__Task goal__
The reply is to be the lines from the one with "A spacious backyard" through the last line of the records below, each retyped exactly, with pictures left out.

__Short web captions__
◆ ◆ ◆ ◆

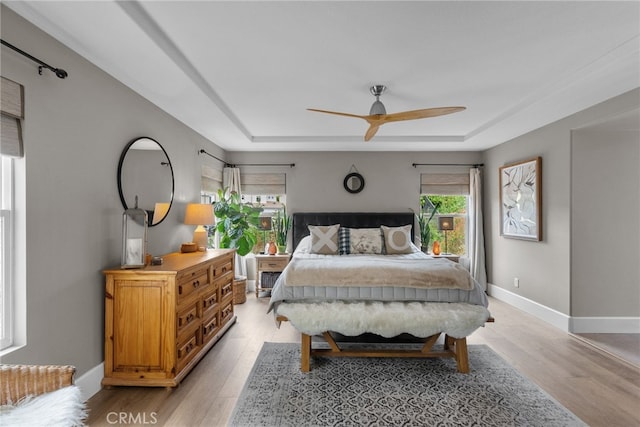 19969 Via Joyce Dr, Saugus, CA 91350 - bedroom with light wood-style flooring, a tray ceiling, and baseboards
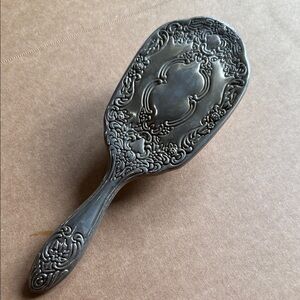 Vintage Ornate hair brush with silver tone metal backing & decorative baroque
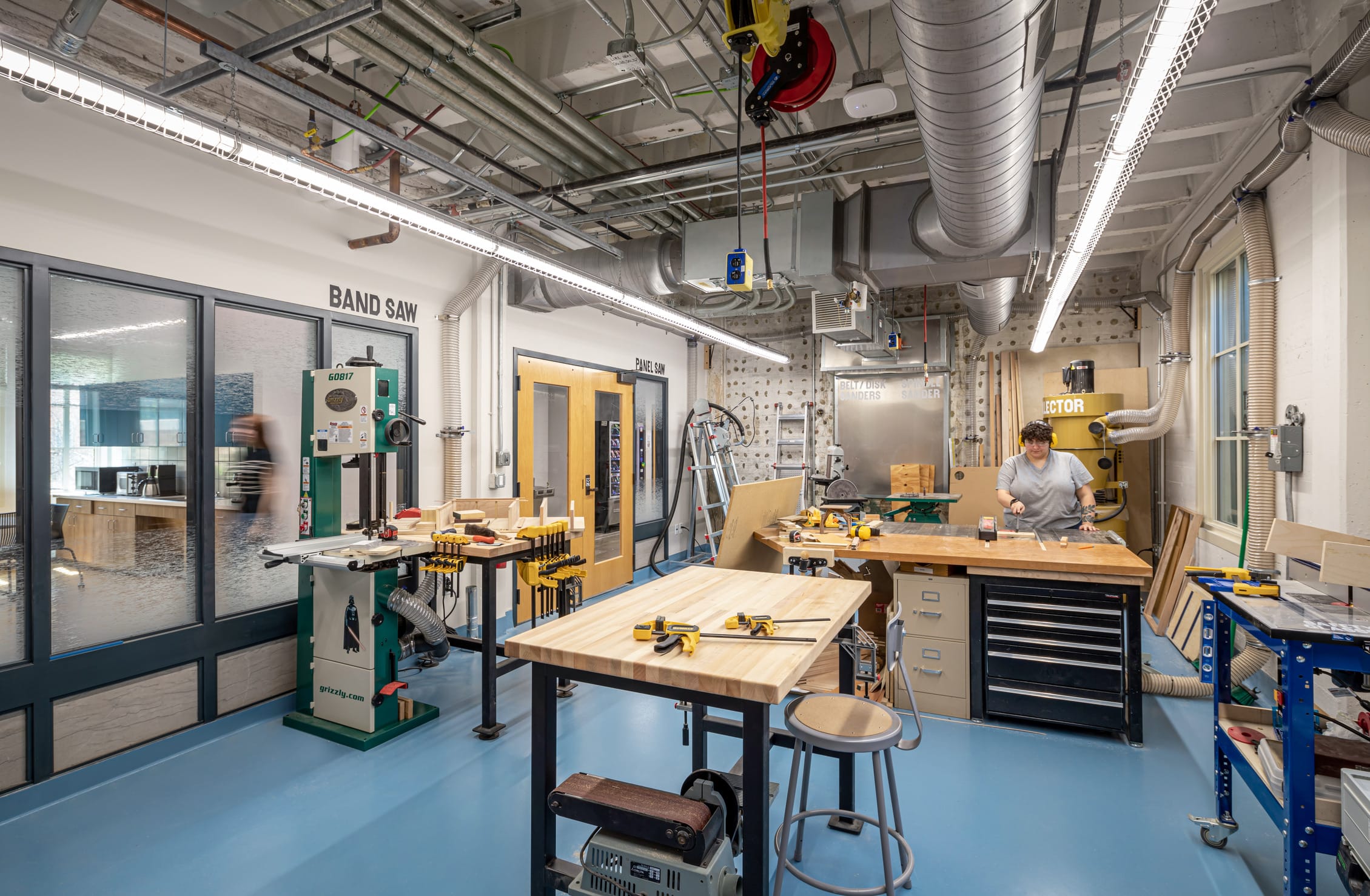 This image shows a well-equipped woodworking shop. The workshop features a blue floor and multiple woodworking stations with butcher block work surfaces. A green Grizzly band saw is prominently labeled on the left side of the room, with other workshop areas and equipment visible throughout the space. A person in a light gray shirt is working at one of the wooden workbenches on the right side. The space has industrial ceiling with exposed ductwork, ventilation systems, and electrical conduits. There's a retractable power cord reel visible hanging from the ceiling. Various power tools, clamps, and woodworking supplies are organized throughout the shop. Yellow doors with windows lead to other areas, and there's a glass partition on the left that looks into an adjacent space. The workshop appears to be designed for fabrication and prototyping work.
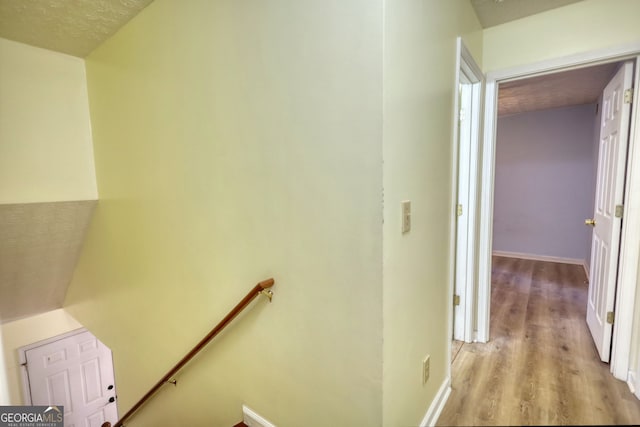 hallway featuring light wood-type flooring, baseboards, and an upstairs landing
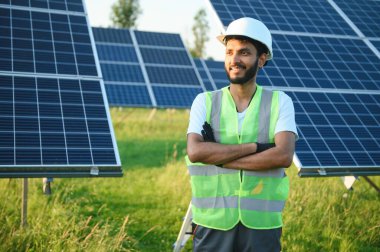 Erkek Arap mühendis güneş panelleri sıraları ile sahada duruyor
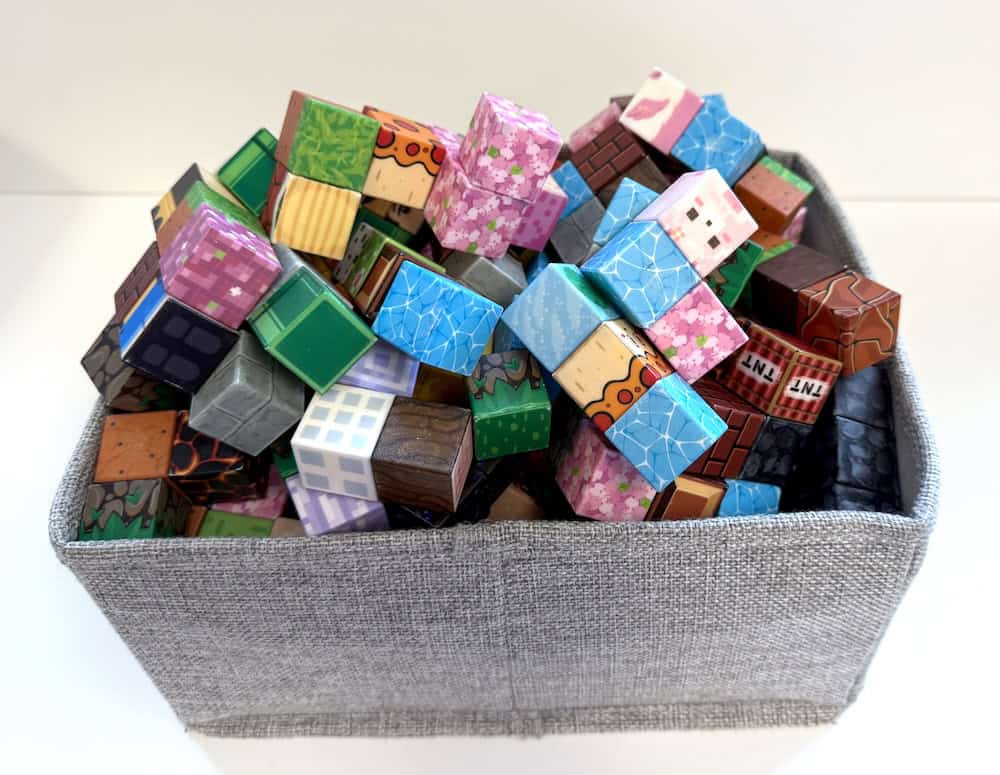 A fabric basket filled with various Minecraft-themed blocks and cubes, each displaying different textures and patterns, makes for a perfect early finisher idea. Add magnetic building blocks to enhance creativity and fun.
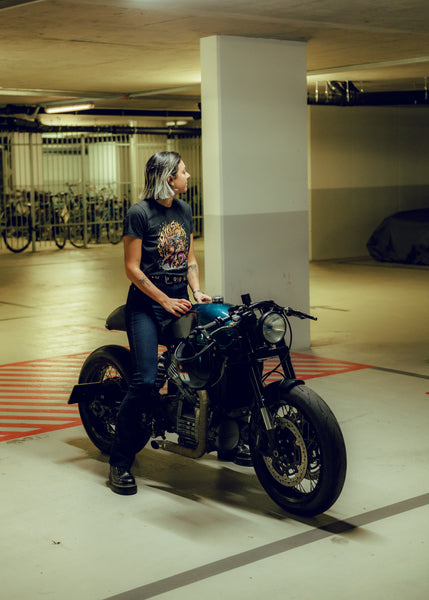 Model sitting on Honda CX500 wearing our BSMC Women's Speed Demon Graphic T-Shirt - Washed Black
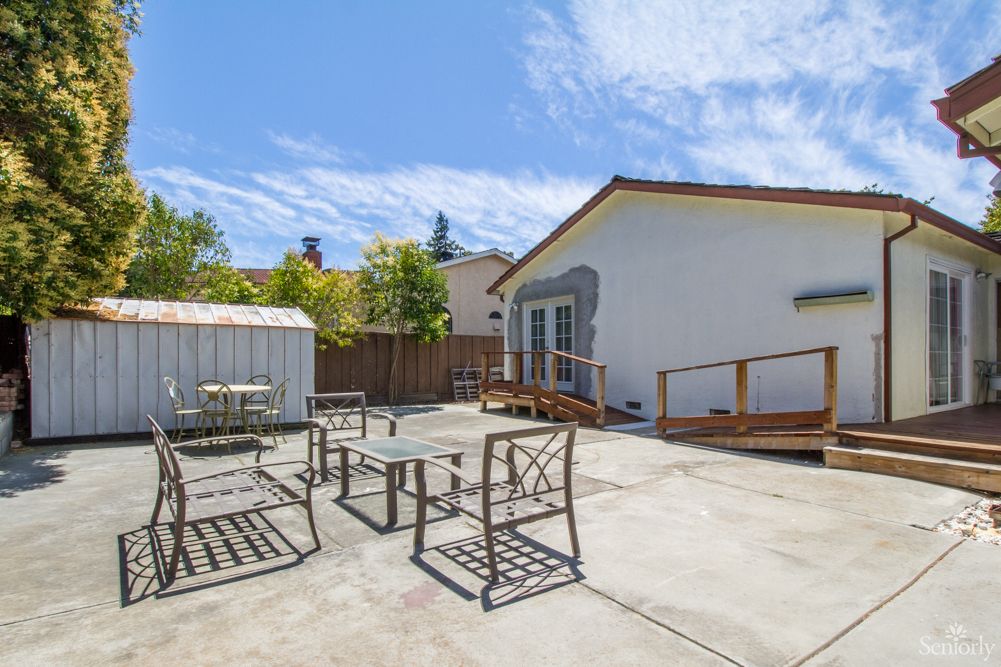 A spacious backyard with outdoor seating, a shed, and a sunny atmosphere.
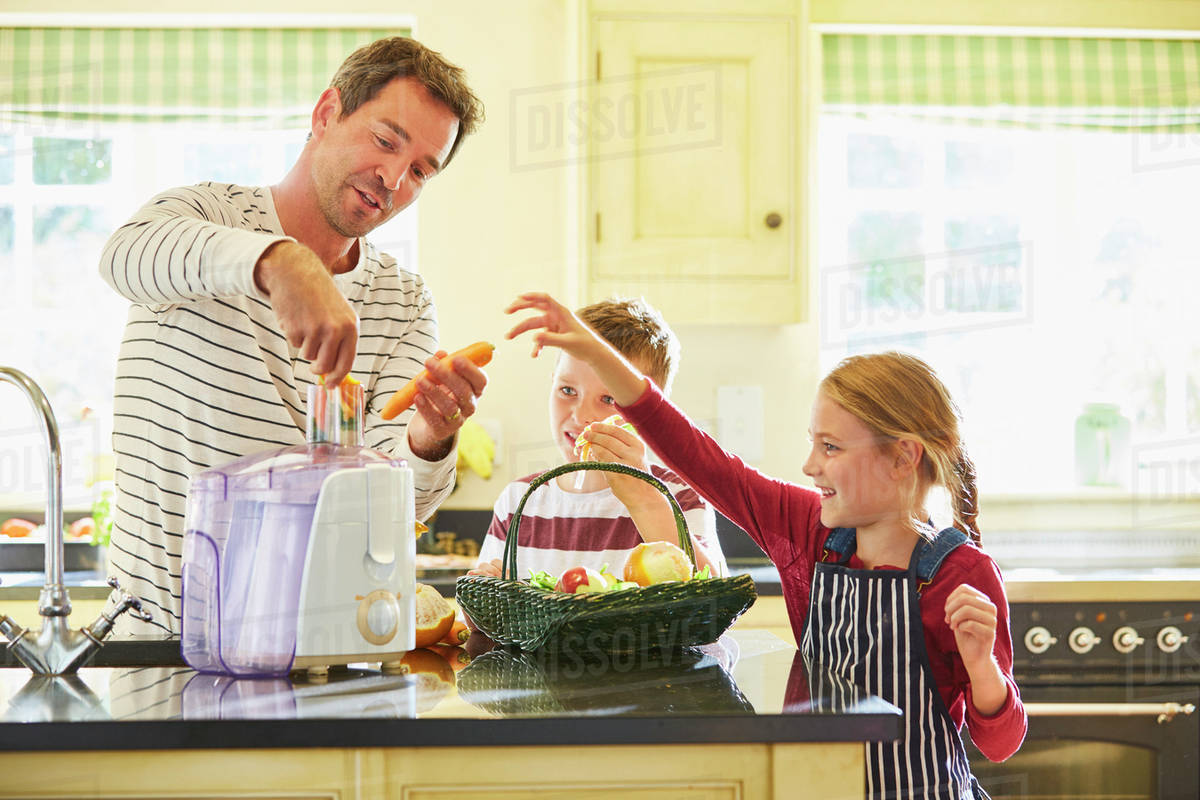 Family juicing vegetables in kitchen Stock Photo Dissolve
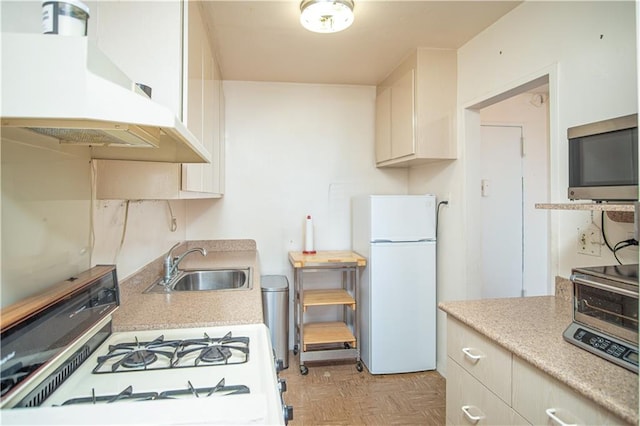 448 Neptune Ave Unit 19A, Brooklyn, NY 11224 - kitchen featuring a sink, under cabinet range hood, white appliances, and light countertops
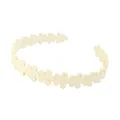 Detailed view of the white flower headband with non-slip matte daisy floral design - Cream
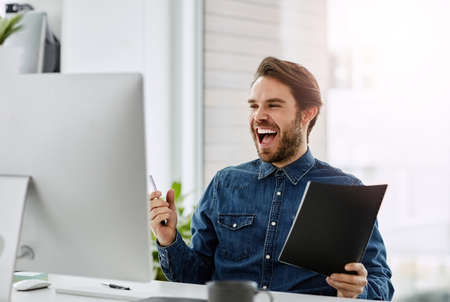 Its a jackpot. Cropped shot of a handsome young businessman cheering while sitting in his office.の写真素材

◆ ◆ ◆ ◆

__Problem solution__
 A spacious backyard with outdoor seating, a shed, and a sunny atmosphere.
 Family juicing vegetables in kitchen Stock Photo Dissolve
 448 Neptune Ave Unit 19A, Brooklyn, NY 11224 - kitchen featuring a sink, under cabinet range hood, white appliances, and light countertops
 Detailed view of the white flower headband with non-slip matte daisy floral design - Cream
 Its a jackpot. Cropped shot of a handsome young businessman cheering while sitting in his office.の写真素材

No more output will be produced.